We are certainly in danger if we lack some essential natural element or enzyme in our bodies. Selenium is a good example of this, but to identify all degenerative disease as wholly the result of missing minerals is too simple. There is a larger pattern of failing health emerging as essential minerals are going missing from our food. Cancer rated were 1 in 5 people when I was young but are now nearly half of all people.

Modern industrial farming practices destroy the symbiotic mycorrhizal fungi found surrounding the roots of organic and wild plants. This soil dweller helps to increase the nutrient absorbing area of the plant’s root system by secreting enzymes that break down organic matter and help the plant absorb more nutrients. Mycorrhizal fungi are wiped out by soluble phosphates in particular, a prime ingredient of many chemical fertilisers and this prevents the absorption of minor nutrients into the plant.

Examples of these nutrients include: calcium, sodium, iron, copper, selenium, molybdenum, potassium and zinc. Studies show there are many people deficient in these minerals.

The intensification of agricultural practices has led to a decline of between 25% to 75% in the levels of key mineral nutrients in farmed vegetables over the last 60 years.

Vitamins too have disappeared from much of our industrially produced food. The Recommended Daily Allowances (RDA) of vitamins are often published on food packaging.

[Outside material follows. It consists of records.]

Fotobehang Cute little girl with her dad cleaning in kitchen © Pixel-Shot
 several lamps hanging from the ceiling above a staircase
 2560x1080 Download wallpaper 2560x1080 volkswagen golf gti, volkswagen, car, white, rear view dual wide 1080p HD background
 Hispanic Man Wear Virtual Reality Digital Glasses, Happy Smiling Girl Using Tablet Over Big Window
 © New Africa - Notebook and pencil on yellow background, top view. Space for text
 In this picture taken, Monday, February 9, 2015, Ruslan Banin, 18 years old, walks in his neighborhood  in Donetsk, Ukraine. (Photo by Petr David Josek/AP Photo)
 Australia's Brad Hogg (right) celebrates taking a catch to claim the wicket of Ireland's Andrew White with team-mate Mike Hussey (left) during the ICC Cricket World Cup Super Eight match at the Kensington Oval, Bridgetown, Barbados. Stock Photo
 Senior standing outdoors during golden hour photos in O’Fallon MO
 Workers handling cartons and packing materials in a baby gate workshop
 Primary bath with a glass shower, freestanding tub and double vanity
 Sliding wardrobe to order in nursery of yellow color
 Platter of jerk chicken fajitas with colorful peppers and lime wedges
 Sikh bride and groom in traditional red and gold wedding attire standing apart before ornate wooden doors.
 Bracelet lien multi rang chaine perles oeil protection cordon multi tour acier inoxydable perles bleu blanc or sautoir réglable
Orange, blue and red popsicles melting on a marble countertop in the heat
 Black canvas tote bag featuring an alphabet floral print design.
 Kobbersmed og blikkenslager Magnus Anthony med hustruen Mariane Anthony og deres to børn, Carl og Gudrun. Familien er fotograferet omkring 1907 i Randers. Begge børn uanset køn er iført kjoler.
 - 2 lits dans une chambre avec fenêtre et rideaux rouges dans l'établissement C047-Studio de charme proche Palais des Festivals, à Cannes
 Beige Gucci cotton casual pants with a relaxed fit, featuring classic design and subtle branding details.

These are rough guides, as individual needs for these vitamins vary. People with certain diseases might need more, or less, of certain vitamins and trace elements and pharmaceutical medicines can also alter how a vitamin works.

Different groups of people may need higher amounts of certain vitamins, for example:

  • children (vitamin D)
  • pregnant women (folic acid)
  • older people (vitamin D)
  • smokers (vitamin C)
  • people who consume a lot of alcohol (thiamine)
  • vegetarians and vegans (vitamin B12)

RDA amounts vary between countries and are often updated, so please check locally for your RDA amounts. Recent government policy in Britain and the US recommends we should eat a minimum of five or six fruit and vegetable types in any given day for our RDA’s.

The British Dietetic Association’s survey shows that the average British diet includes only 3.3 portions of fruit and vegetables a day. The Scottish consume 2.7 portions a day while the Irish get only a measly 2.3. This research disregards not only the quality and authenticity of the food but also the method of preparation. Research from Spain suggests that the quality of food and its method of preparation are as important as the amount of fruits and vegetables eaten. This is because nutrients in food are often destroyed during industrial preparation and even in domestic cooking processes.

Even if we can source quality food with its nutrients still intact, cooking it often destroys the useful content. Studies show that fresh, uncooked vegetables strengthen the immune system and increase resistance to many diseases. For example tests in Spain measured the levels of flavonoids left in fresh broccoli after it was cooked. The results show large differences in flavonoid content according to how the broccoli was prepared.

  • boiling – 66% loss
  • pressure-cooking – 53% loss of major antioxidant
  • steaming – minimal loss of antioxidants
  • microwaving – 97% loss of flavonoids

Scientists in Finland found that blanching and deep-freezing vegetables also destroyed beneficial compounds.

Far from using the fantastic potentials of food to maintain health, our cultures have turned it into something dangerous. Poor growing and storing and unhealthy cooking practices leave many of our meals with dangerously low levels of nutrition. When plastic packaging is added and a ‘ready meal’ is microwaved, we consume something that is far from nutritious and may actually be harmful.